In [None]:
# default_exp models.svd

# SVD
> Implementation of SVD-based recommender model.

A very popular technique for recommendation systems is via matrix factorization. The idea is to reduce the dimensionality of the data before calculating similar movies/users. We factorize the user-item matrix to obtain the user factors and item factors which are the low-dimensional embeddings such that 'similar' user/items are mapped to 'nearby' points.

This kind of analysis can generate matches that are impossible to find with the techniques discussed above as the latent factors can capture attributes which are hard for raw data to deciper e.g. a latent factor can correspond to the degree to which a movie is female oriented or degree to which there is a slow development of the charcters.

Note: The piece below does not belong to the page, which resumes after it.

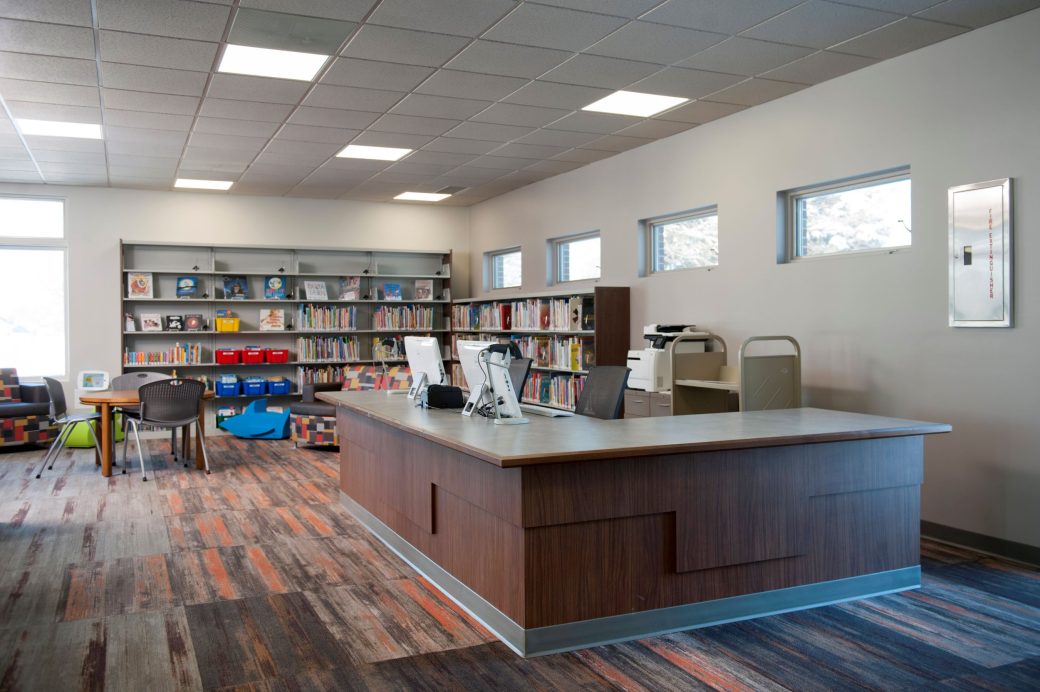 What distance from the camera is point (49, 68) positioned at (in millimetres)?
5148

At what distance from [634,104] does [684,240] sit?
1.43m

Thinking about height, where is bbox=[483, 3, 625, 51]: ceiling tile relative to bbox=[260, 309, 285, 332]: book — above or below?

Moreover, the user and the movies are embedded to the same space, which provides a direct way to compute user-movie similarity.

We will use Singular Value Decomposition (SVD) for factorizing the matrix.

In [None]:
#export
import pandas as pd
import numpy as np
from sklearn.metrics.pairwise import cosine_similarity
from scipy.sparse.linalg import svds

In [None]:
rating_df = pd.read_csv('https://raw.githubusercontent.com/sparsh-ai/rec-data-public/master/ml-other/ml100k_ratings.csv', sep=',', header=0)

In [None]:
#export
class SVDSimilarity:
    def fit(self, df, user_col='user_id', item_col='item_id', rating_col='rating', n_factors=50):
        ratings_mat = np.ndarray(
            shape=(np.max(df[item_col].values), np.max(df[user_col].values)), 
            dtype=np.uint8)
        ratings_mat[df[item_col].values-1, df[user_col].values-1] = df[rating_col].values
        # normalize the rating matrix
        normalised_mat = ratings_mat - np.asarray([(np.mean(ratings_mat, 1))]).T
        A = normalised_mat.T / np.sqrt(ratings_mat.shape[0] - 1)
        _, _, V = svds(A, n_factors)
        self.item_factors = V.T

    def recommend(self, itemid, top_k=5):
        item_row = self.item_factors[itemid].reshape(1,-1)
        similarity = cosine_similarity(item_row, self.item_factors)
        sort_indexes = list(np.argsort(-similarity)[0][1:top_k+1])
        return sort_indexes

In [None]:
model = SVDSimilarity()

model.fit(df=rating_df, user_col='userId', item_col='movieId')
model.recommend(itemid=10)

[106886, 57330, 34214, 26962, 97394]